Le politologue Anatol Lieven souligne que les décisions prises dans les semaines et mois à venir au sujet de l'avenir de la Grèce auront des conséquences énormes. Il est pour lui certain que les Européens continueront à vivre longtemps dans "une Europe de noyau et périphérie". La Grèce et l'Espagne sont dans une situation similaire aux années 30, avec le risque de voir les extrémismes monter aussi bien à droite qu'à gauche, de même que les rhétoriques occidentalistes qui créent de nouvelles lignes de division avec la Russie ou la Turquie.

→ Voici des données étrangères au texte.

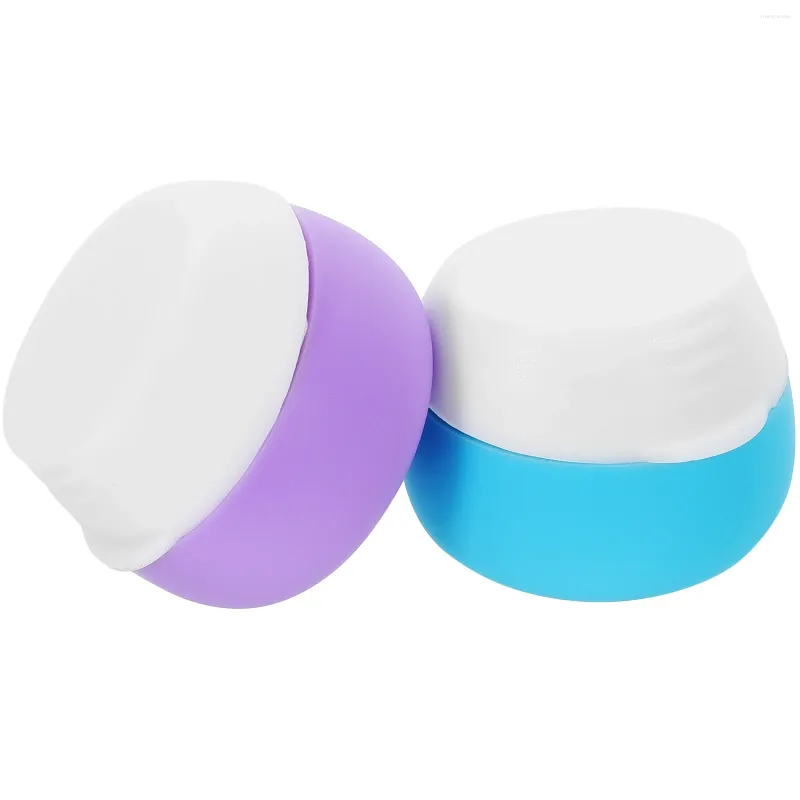 Storage Bottles 2pcs Cream Jars Silicone Containers Empty Small Sample Lotion Jars(20ml)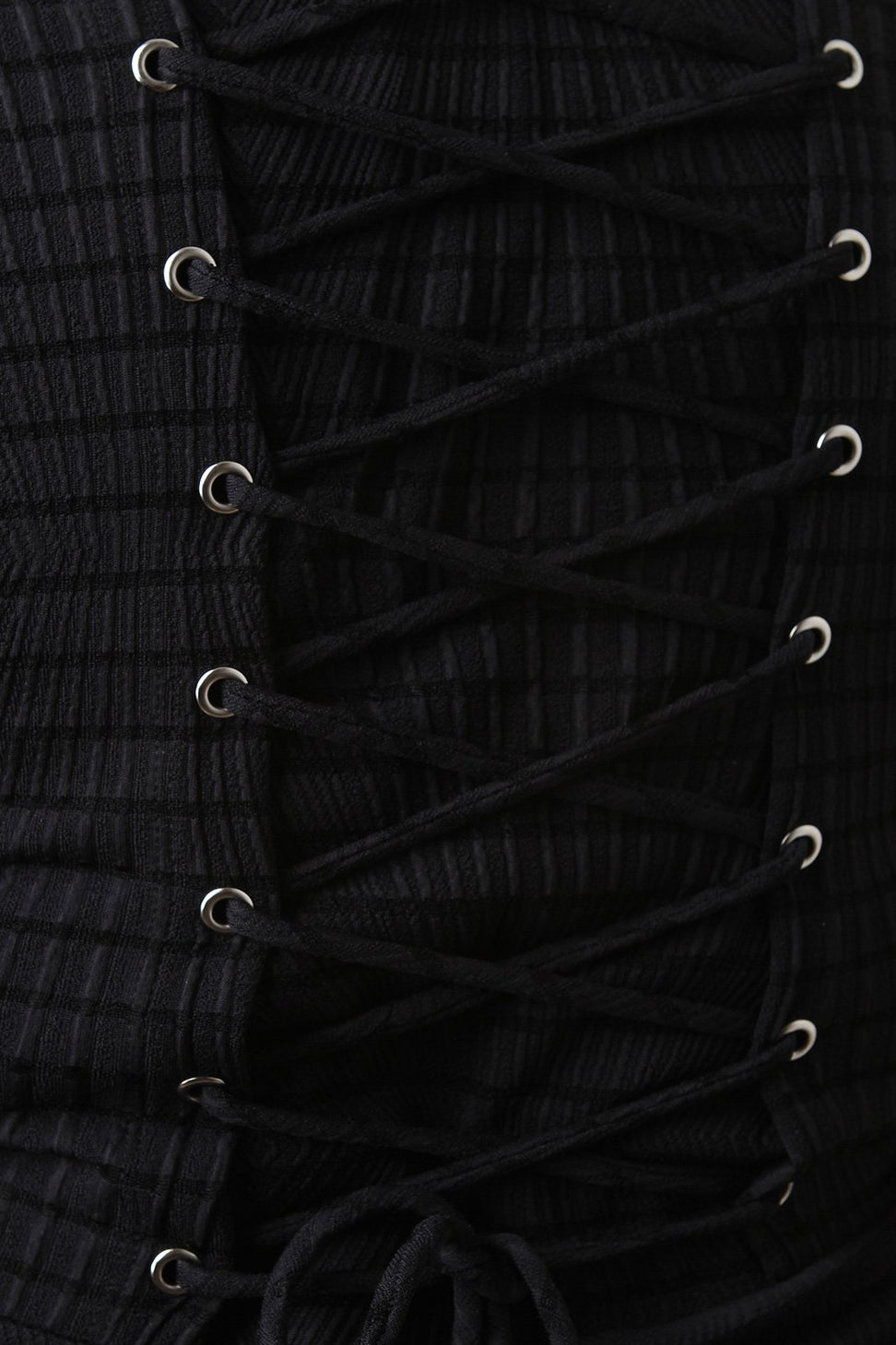 Textured Corset Back Midi Dress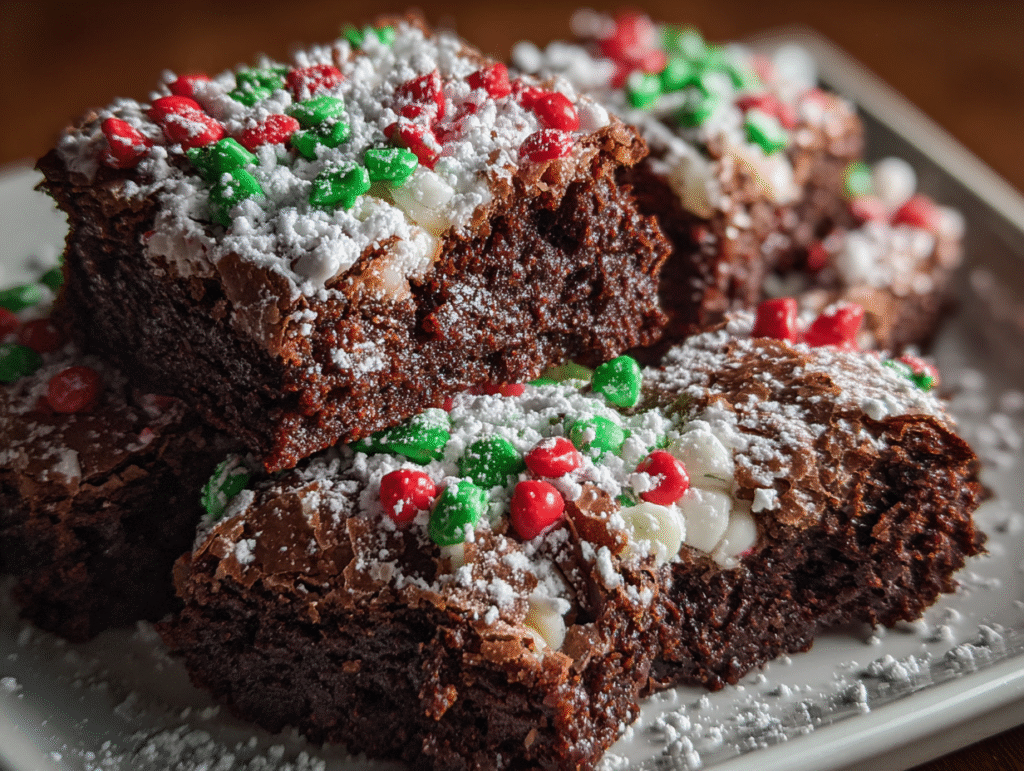 Christmas Present Brownies: A Rich, Festive, and Mindful Indulgence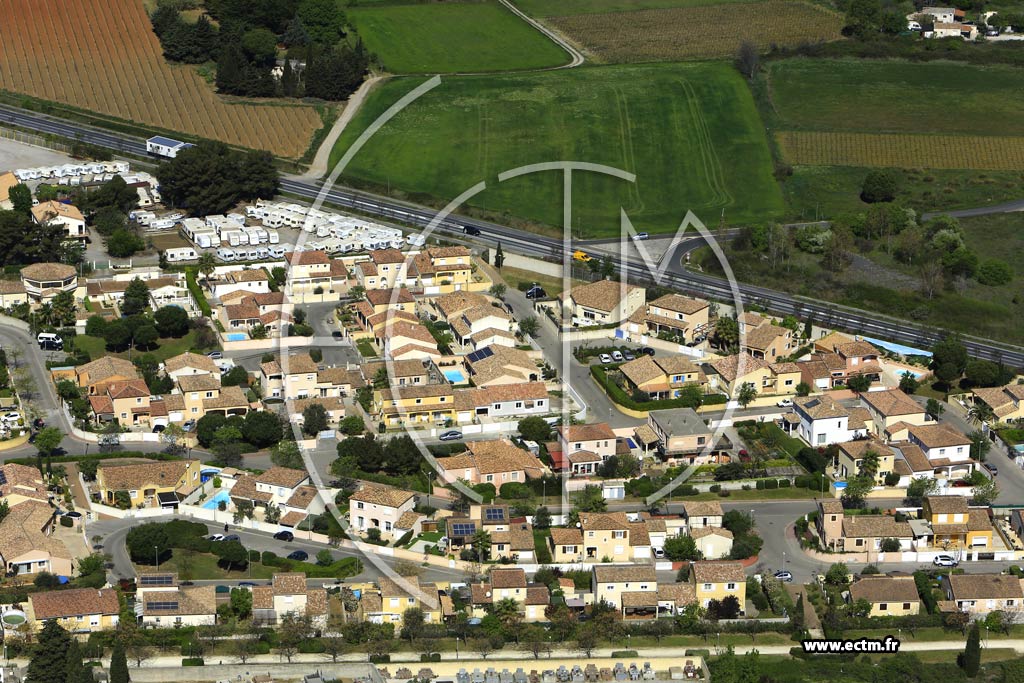 Photo arienne de Villeneuve-ls-Maguelone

Le diplomate chinoise Jianmin Wu, qui est en charge de la direction du centre de formation des diplomates de son pays et avec Michel Rocard un des fondateurs du Forum China-Europa, a déploré le pessimisme des intervenants de la première journée des débats. Il ne l'estime "pas tout à fait fondé". Il a rappelé que l'Europe est à l'origine de la modernité et d'une révolution mondiale de l'humanité. Elle a trouvé la voie pour rendre impossible la guerre entre la France et l'Allemagne, la voie pour se concentrer sur ses intérêts communs. Une voie que le monde entier doit suivre au 21e siècle. Wu Jianmin pense encore que l'Europe, premier partenaire commercial de la Chine, vit "une crise de croissance" et dispose d’assez de ressources pour s'en sortir. "Vous vous empêtrez dans l'eurocentrisme. Vous perdez de vue ce qui se passe dans le reste du monde", a-t-il professé. Il faut justement partir à la conquête de ce monde globalisé, y créer la demande. Il a mis notamment en avant les perspectives ouvertes par la troisième révolution industrielle et la "croissance verte" pour rappeler qu'en la matière la Chine a besoin de coopérer avec une Europe qui dispose ici des meilleures technologies
Le social-démocrate allemand, ancien conseiller du chancelier Schröder, Karsten Voigt, a répondu à l’ambassadeur Wu et considéré que s'il y a un commerce avec la Chine et le Japon, "notre destin est lié à l'Europe". "Vous devenez amis avec vos voisins, si vous tenez compte de leurs intérêts, de leur histoire, de ce qui les a façonnés." L'ordre de paix européen conduit l'Europe vers la Russie, "si la Russie n'a pas peur de son environnement et que l'environnement n'a pas peur de la Russie". Karsten Voigt a encore souligné l'importance de l'équilibre entre grands et petits pays. On ne peut avoir de paix que si les grands pays ont à cœur l'intérêt des petits pays, et même s’ils désapprouvent leur vision de l’histoire, ils doivent la discuter. Car, a-t-il ajouté, "d'après mon expérience, les événements négatifs dans l'histoire sont ressentis plus longtemps dans les petits pays."